İzmir’in Bayraklı ilçesinde de süresiz-dönüşümlü açlık grevi eylemi başlatıldı. Aydın da ise, BDP Ortaklar Belde Örgütü üyeleri, bir günlük açlık grevi eylemi yaptı. Açlık grevine, BDP Ortaklar Belde Başkanı Fesih Kaya da katıldı.

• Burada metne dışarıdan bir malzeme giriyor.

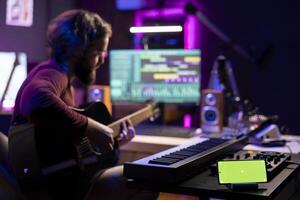 Young singer playing guitar and practicing with online tutorial lessons, looks at daw software on pc. Musician learning new acoustic instrument accords, having phone with greenscreen display. photo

Avrupa’da da destek grevleri sürüyor. İngiltere’nin başkenti Londra’da, da açlık grevlerine destek amacıyla tarihi St. Martin In The Field Kilisesi’nde başlatılan açlık grevi devam ediyor. Açlık grevine Kilise Papazı da Kürt tutsaklar için dua ederek destek verdi. Kürdistan Öğrenciler Birliği üyesi 7 öğrencinin Almanya Bochum üniversitesinde başlattıkları açlık grevi eylemi üçüncü gününde. DİHA


Tutsak babası da eylemde


Mardin E Tipi Kapalı Cezaevi önündeki oturma eylemi devam ederken Fettah Tekin (47) isimli bir yurttaş, süresiz-dönüşümsüz açlık grevine başladığını duyurdu. Şakran Cezaevi’nde tutuklu bulunan Delil Tekin’in babası Fettah Tekin, sonuç alınıncaya kadar eylemini sürdüreceğini kaydetti. Öte yandan Metin Aslan, Cengiz Demirkıran, Musa İldem, Sedile Solmaz, Mizgin Çokon ve Sufiye Babayiğit isimli yurttaşlar ise 3 günlük açlık grevine başladı.